The Bayh-Dole Act of 1980 made it possible for US
universities to benefit financially from government funded research.  It allowed universities to own the patents
that resulted from their research, rather than having to assign them to the
government.  Since then many US
universities have done well in commercialising their research.  The Association of University Technology
Managers (AUTM) in the US reports that last year US universities and research
institutes executed 5,130 licenses, formed 705 start-ups, filed 22,750 US patent
applications and made $2.6billion from licensing income.  UK universities have also done well from
commercialising research, making £61 million in licensing income in 2010/11.  Most would agree that commercialising
university research is beneficial for the economy of a country, and in
particular helps the increasingly important hi-tech industries. 

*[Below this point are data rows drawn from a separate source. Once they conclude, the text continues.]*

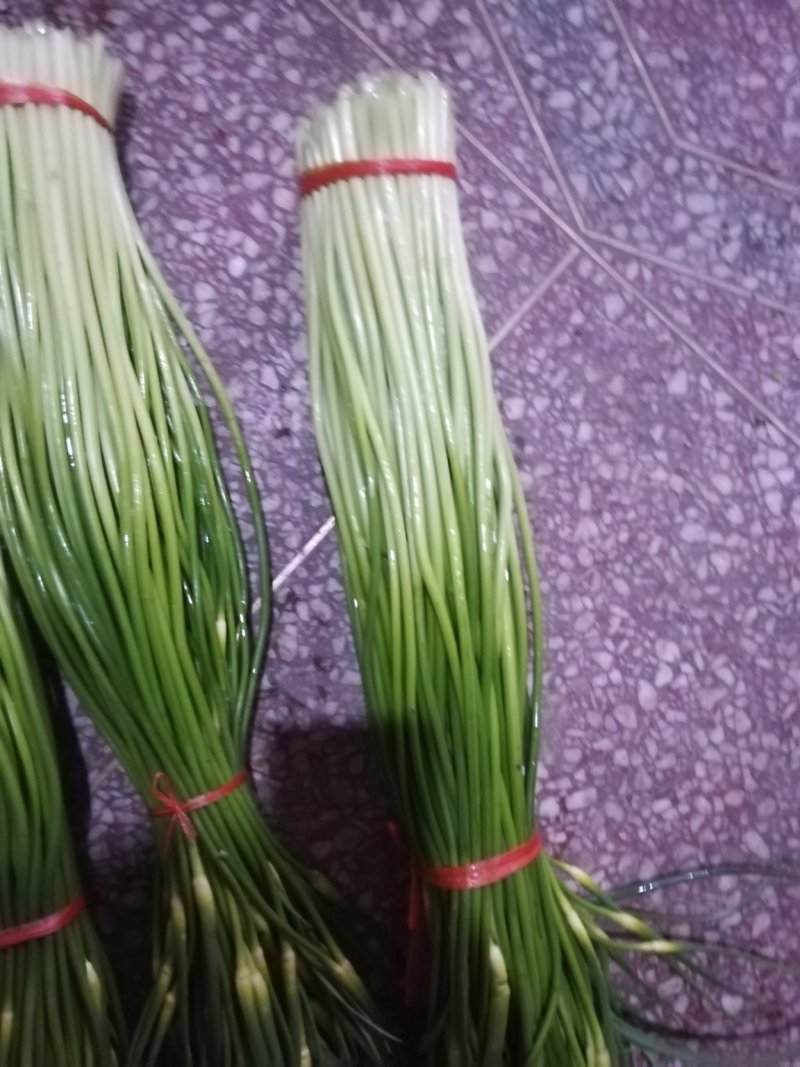 白帽蒜苔，条直，条嫩，大小圴匀，通货50~60cm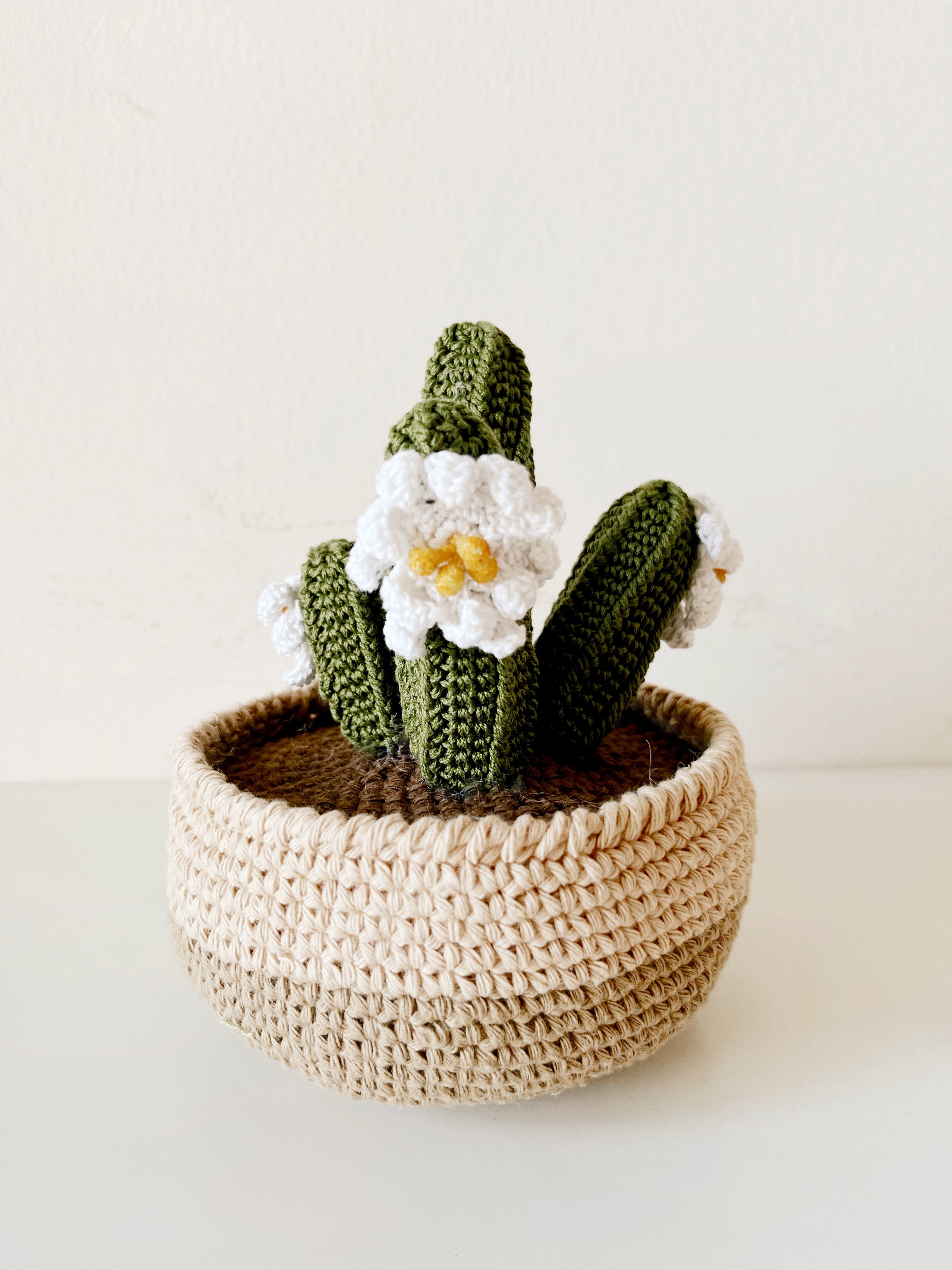 Crochet San Pedro Cactus | 100% Handmade thumbnail 2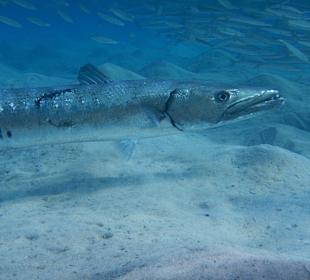 Barrakuda in der Bucht 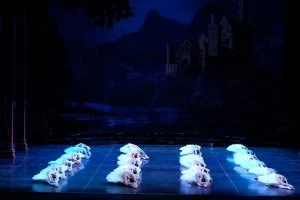 Ballet "Swan Lake"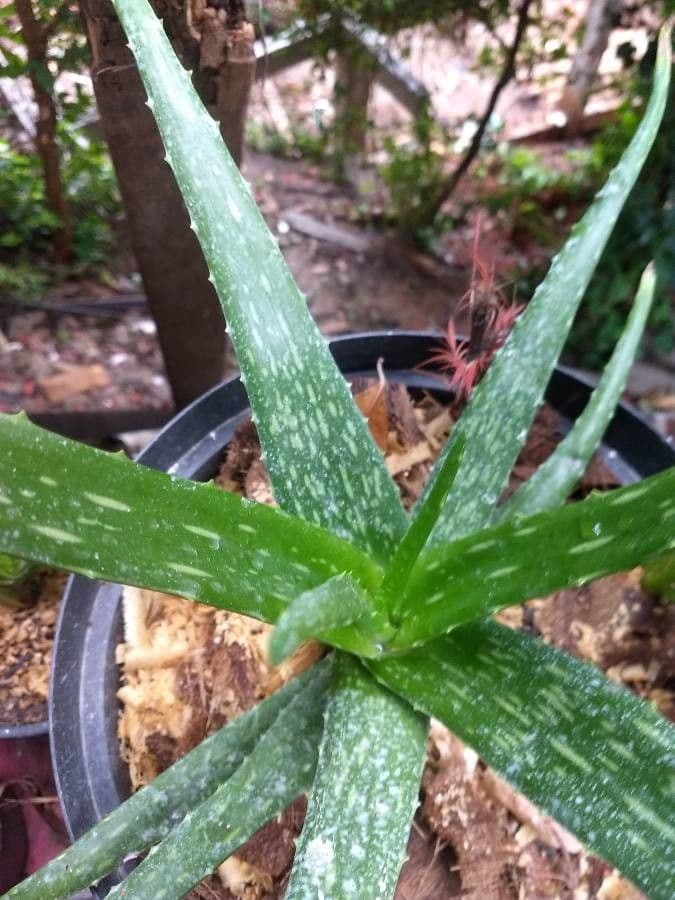 Aloe 7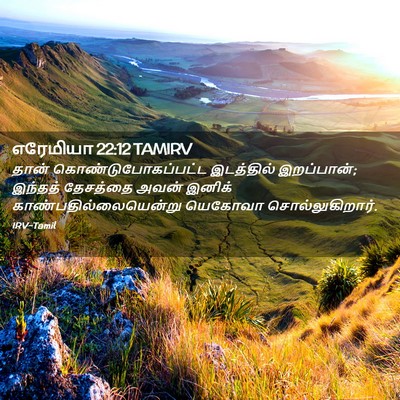Picture 02 - எரேமியா 22:12 TAMIRV - தான் - Bible Verse Picture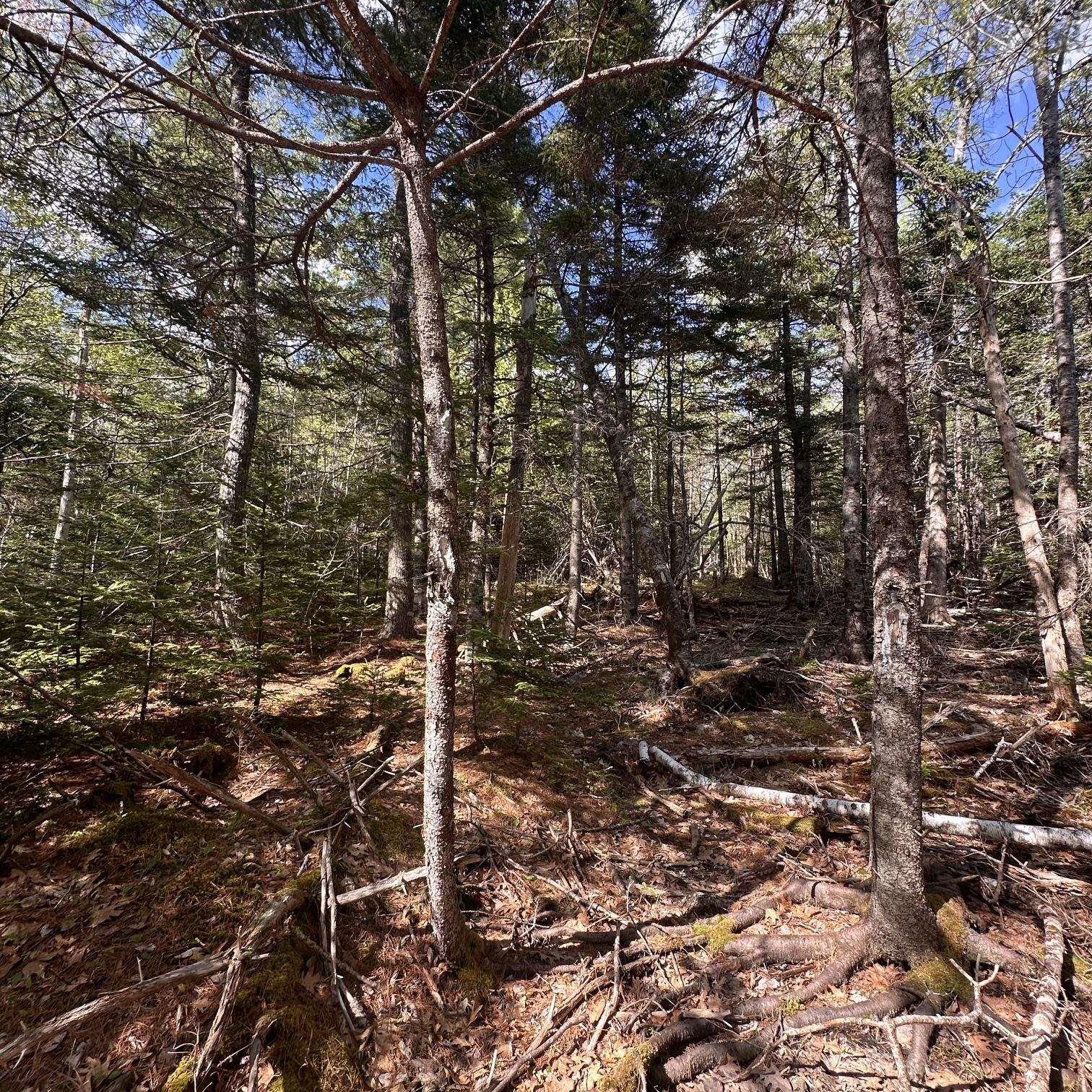 $29,900.00: 76 Wellington Road, Buckfield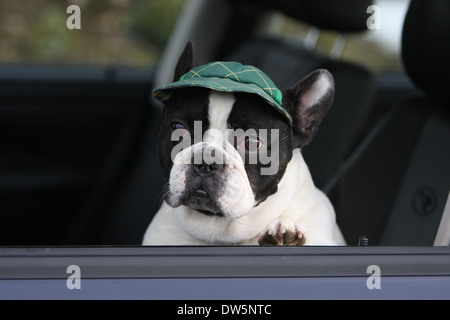 Cane bulldog francese Bouledogue / Français / adulti guardando fuori della finestra auto Foto Stock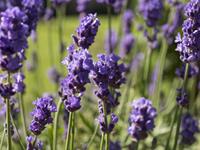 Tuinplant.nl Lavendel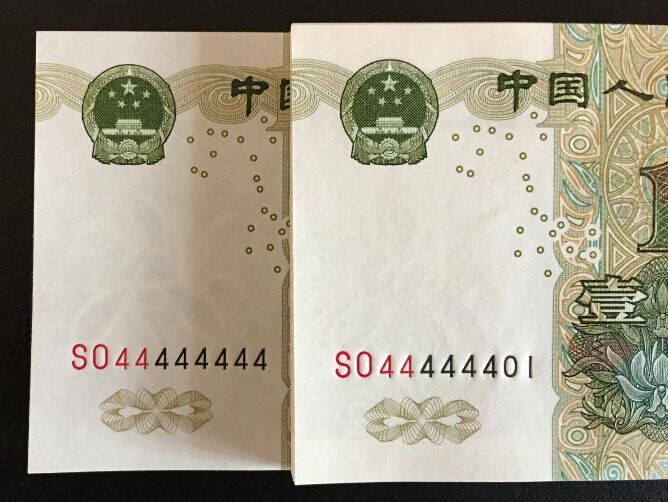 兩冠大葉蘭 八同號SO44444444百連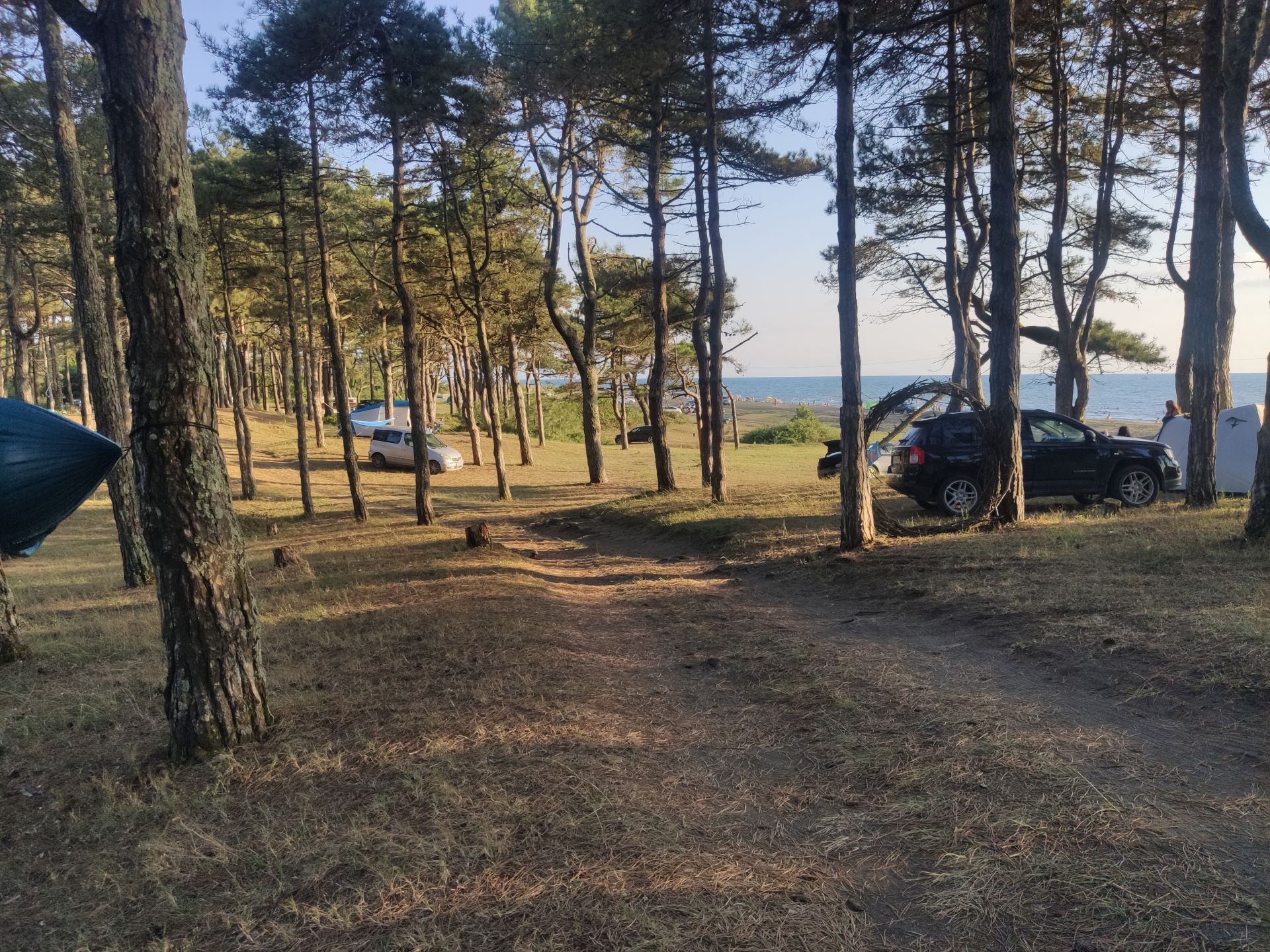 Photo of Ureki Nature beach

The hub of the system is the university tech transfer
office.  Such offices are now well
established in many top universities, and are finding their feet in the less
prestigious universities.  However tech
transfer offices have a difficult task.  They
have to persuade academics to commercialise their research, educating and
pushing the reluctant ones and keeping in check the powerful and pushy ones.  They have to defend the university’s
interests when collaborations are set up, and are sometimes accused of being
too aggressive in doing so.  Most importantly they have to decide on which research they’re going to
commercialise.  That is usually based on
two main factors, patentability and commercial worth.  Patentability is complex, but usually possible
to decide on -- but assessing commercial
worth can be close to impossible, and inevitably tech transfer offices get it
wrong a lot of the time. That means many university patents are never licensed
or commercialised in any way as a commercial partner is never found. 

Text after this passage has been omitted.